Vicepresident
Op pagina 45 van ‘Dit kan niet waar zijn’ las ik dat de schrijver, Joris Luyendijk, zich verbaast over de job titles bij zakenbanken. Hij schrijft hoe hij een interview had geregeld met een vicepresident en er zijn beste pak voor aan had gedaan. En hoe teleurgesteld hij was toen er een ‘gastje van net dertig’ tegenover hem zat.
Ik had Luyendijk kunnen vertellen dat het Nederlandse ABN AMRO bijkans meer vicepresidenten heeft dan baliemedewerkers of schoonmakers. En dat ik zelf ook ooit dacht dat een vicepresident na de president de hoogste in rang is. Dat een vicepresident een vicepresident is, zeg maar. Tot ik ergens halverwege de jaren negentig mijn eerste ‘VP’ ontmoette.
Anton*. Anton was vicepresident en facility manager. Dat betekende dat hij conciërge was, maar dan zonder grote sleutelbos aan de broekriem. Anton had een gebouw geregeld voor een projectje van de bank. In dat gebouw gingen een paar honderd ICT-ers, consultants en andere stropdassen iets nieuws doen. Anton was zelf ook erg van nieuw en liet daarom overal flatscreens ophangen. Daarna belde hij mij. ‘Bedenk eens wat we met die schermen kunnen doen?’
Toen de weekmenu’s op de flatscreens waren gepubliceerd, regelde Anton een fitnessruimte. Er werden trek-, duw- en loopapparaten geplaatst en twee fulltime instructeurs, tevens fysiotherapeuten, aangesteld. En toen moest Anton bij zijn baas, een president gok ik, komen. Of het allemaal wat zuiniger kon.
Dat kon. ‘Ik heb net een omkleedruimte met douches laten maken’, vertelde Anton me met een brede grijns. ‘Alles is klaar, alleen de ramen van die ruimte moeten nog worden geblindeerd. Anders zien voorbijgangers mensen in hun blote kont staan. Maar helaas, daar is dus geen geld meer voor.’ Het duurde een dag of twee en Anton kreeg extra budget.
Een jaar of vier geleden heb ik nog een kop koffie gedronken met Anton.

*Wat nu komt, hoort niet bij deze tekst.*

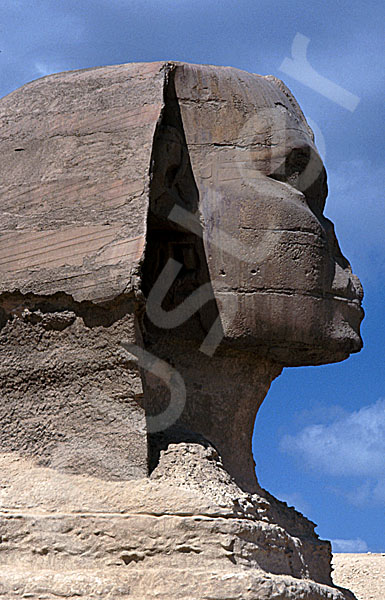 Große Sphinx von Gizeh: Statue, Bild-Nr. Grßansicht: 560b/27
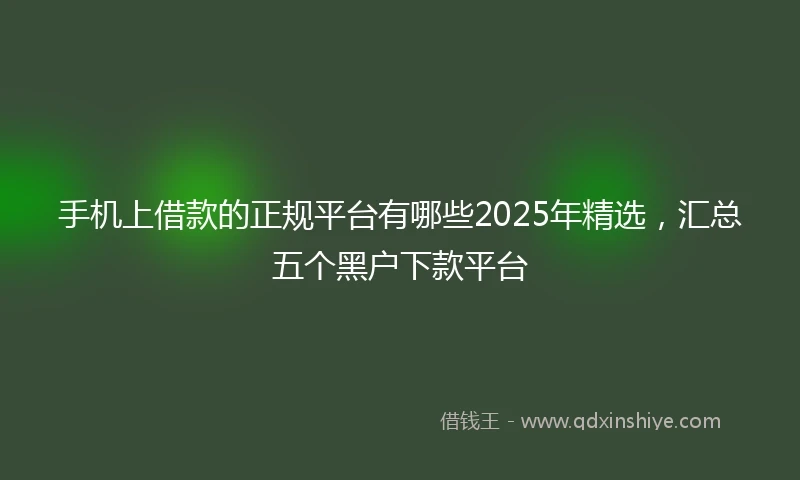 手机上借款的正规平台有哪些2025年精选，汇总五个黑户下款平台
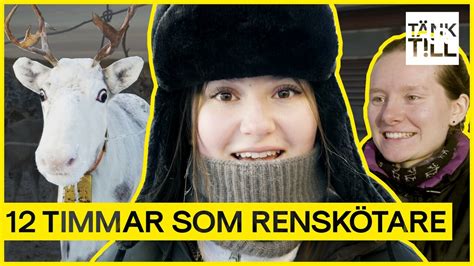 renskötare|RENSKÖTARE FÖR EN DAG! .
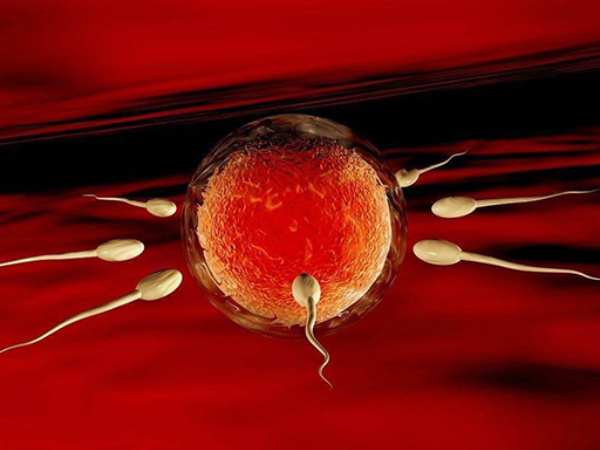 做試管是取精卵在體外受精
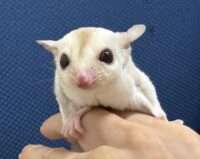 フクロモモンガの画像8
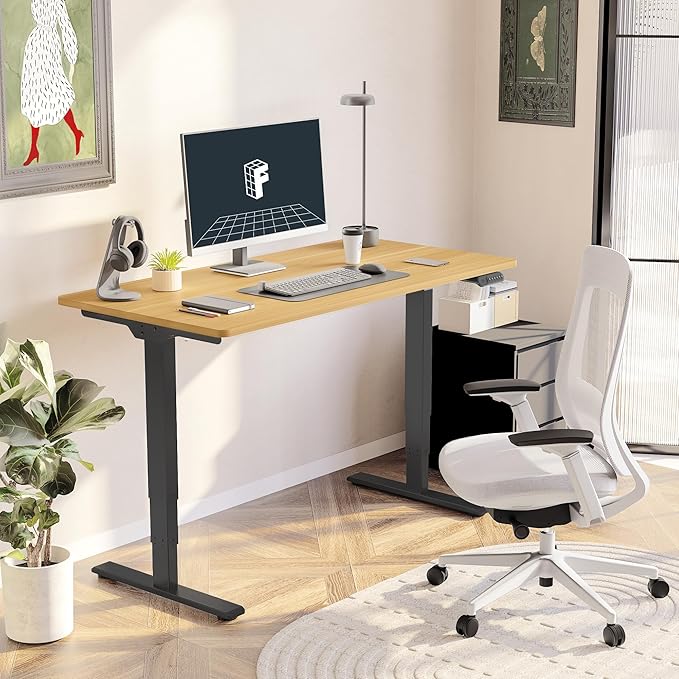 FLEXISPOT E6 3-Stage Dual Motor Electric Standing Desk 55 x 28 Sit Stand Up Desk - Image 2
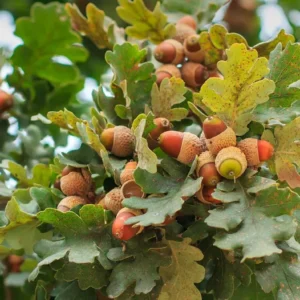 White Oak Live Tree - Quercus Alba - 12-18" Tall, 4" Pot - Deciduous Shade Tree - Image 1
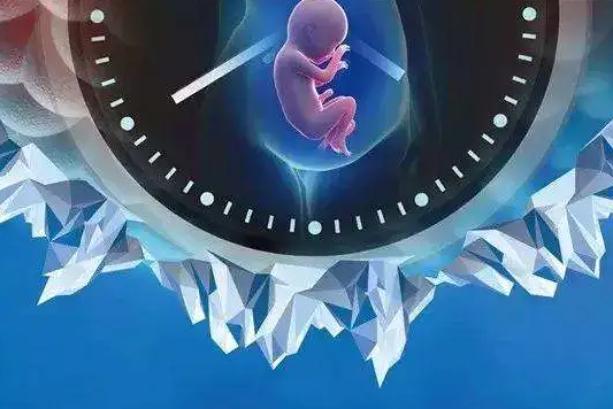 试管移植后第二天上班久坐对胚胎着床有影响吗?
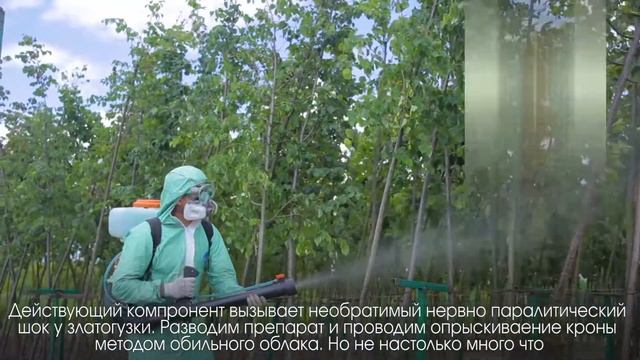 Вредители липы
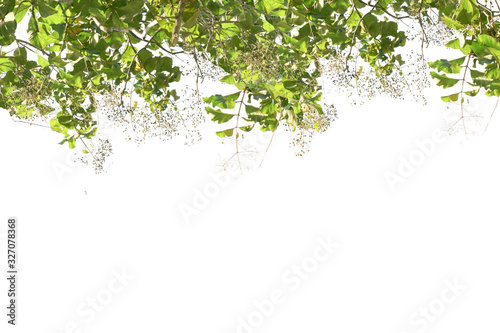 green leaves on white background and copy space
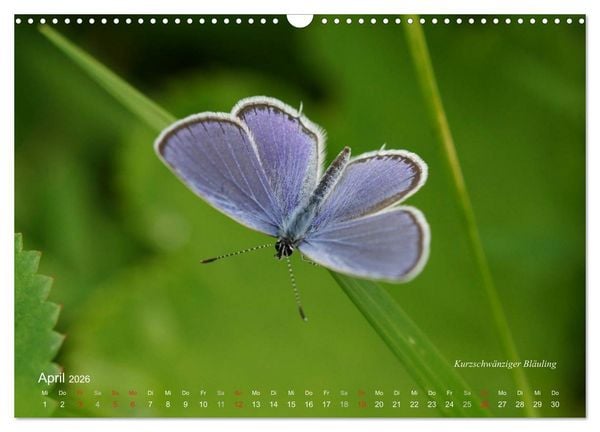 Produktbild: Gro&szlig;e und kleine Schmetterlinge (Wandkalender 2026 DIN A3 quer), CALVENDO Monatskalender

Zijn bank was zo goed als ingestort en gered door u en mij, belastingbetalers. Anton had zijn kaartjes met VP er op ingeleverd en was wat gaan doen als zelfstandig consultant. Aan de tijd bij de bank had hij naar eigen zeggen slechte herinneringen. ‘De bankwereld is verrot’, zei Anton.
En toen moest Luyendijk zijn boek nog schrijven.
(*Het is allemaal waargebeurd, alleen de naam Anton is gefingeerd.)